Up: Martin Poulter > Scientology Criticism > UK Media Archive
This rich creepy cult has friends in high places
Evening Standard, 15 May 2007, p. 12
By Francis Wheen
JOHN Travolta is a halfwit. A statement of the obvious, perhaps, given his adherence to a cult which believes we're all infected with t he souls of aliens who were banished to earth 75 million years ago by an evil galactic warlord called Xenu. But if anyone doubted it, the former disco-strutter confirmed his asininity by publicly urging the BBC not to screen John Sweeney's Panorama film about Scientology last night. Not to be outdone, Travolta's fellow- cultists gleefully posted on YouTube a clip of Sweeney losing his temper.
Had they paused for a moment's rational thought - tricky, I agree, with extraterrestrial imps running amok in your brain - they'd have realised their actions could only boost the audience for Panorama. Is this what they wanted?
I doubt it. Scientologists loathe journalistic scrutiny, and with good reason.

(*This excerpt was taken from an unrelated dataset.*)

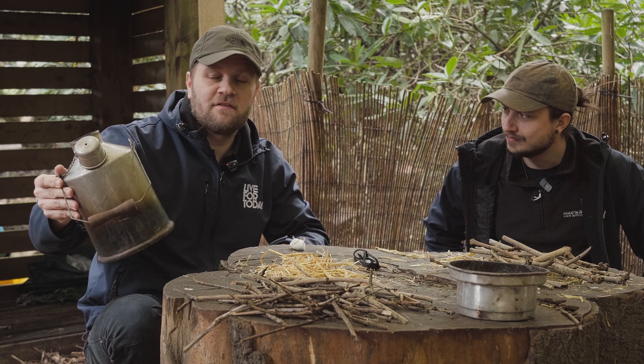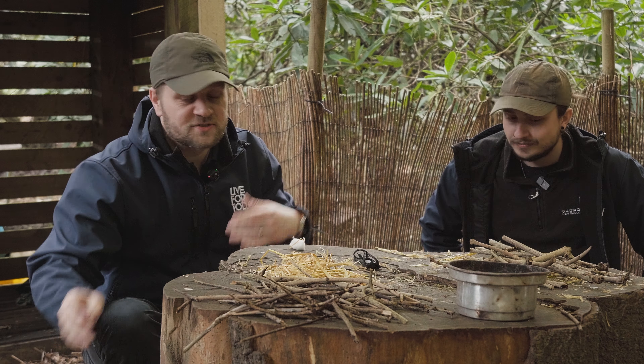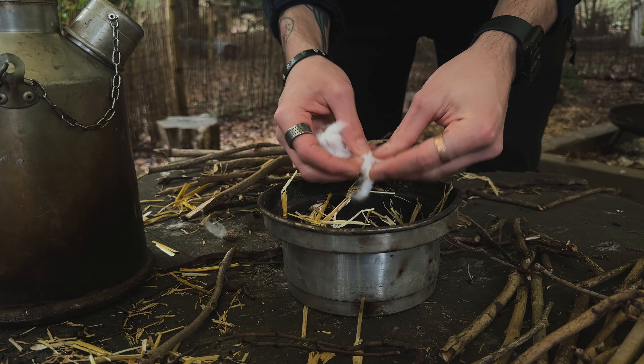We're back with another video and today we're looking at ghillie kettles — something I've never done before. I've lit many fires but I've never used a ghillie kettle, so Mark's going to show me how to use it. At Live4Today we teach bushcraft; one of the main elements is fire lighting and shelter building. Lighting a fire is great, but if you get a reward like a hot cup of soup or hot chocolate after, it's more rewarding for the teams.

For decades they were visible merely as pod-people who lurked in the Tottenham Court Road, inviting passers-by to come in and take a "personality test" - as familiar and absurd as their near-neighbour Stanley Green, the sandwich-board man of Oxford Street who warned that protein was the root of all evil.
Recently, however, these extraterrestrial creeps have been using their vast wealth to buy respectability; and until Sweeney got on their case they were doing rather well. At the opening of their huge new headquarters in the City of London last October, Chief Superintendent Kevin Hurley praised Scientologists as "a force for good - raising the spiritual wealth of society". It then emerged that at least 20 of his fellow officers in the City force had accepted hospitality from the Church of Scientology in the previous year, including invitations to the premiere of Mission: Impossible 3 and tickets to a £500-ahead dinner attended by Tom Cruise.
A Scientology offshoot, the Association for Better Living and Education, sponsored stalls at both Labour and Tory conferences last autumn to promote Narconon, the cult's drug rehabilitation programme. Narconon has also gained access to several London schools, advising children that they can avoid drug addiction by taking saunas and eating vitamins. Reputable drug charities point out that Narconon has no scientific credibility whatever.
Hardly surprising, since the programme was devised by Scientology's founder, L Ron Hubbard, a sci-fi novelist by trade. "Writing for a penny a word is ridiculous," he once said. "If a man really wants to make a million dollars, the best way would be to start his own religion."
Better still, disguise the religion as a charity and start flashing your cash. The villains in last night's Panorama weren't only the Scientologists but also the public bodies in London which aid and abet them. I don't remember schools, police forces and political parties giving the same assistance to dear old Stanley Green.
True, he didn't have a five-storey HQ in the Square Mile and couldn't promise dinner with Tom Cruise. On the other hand, he was quite harmless.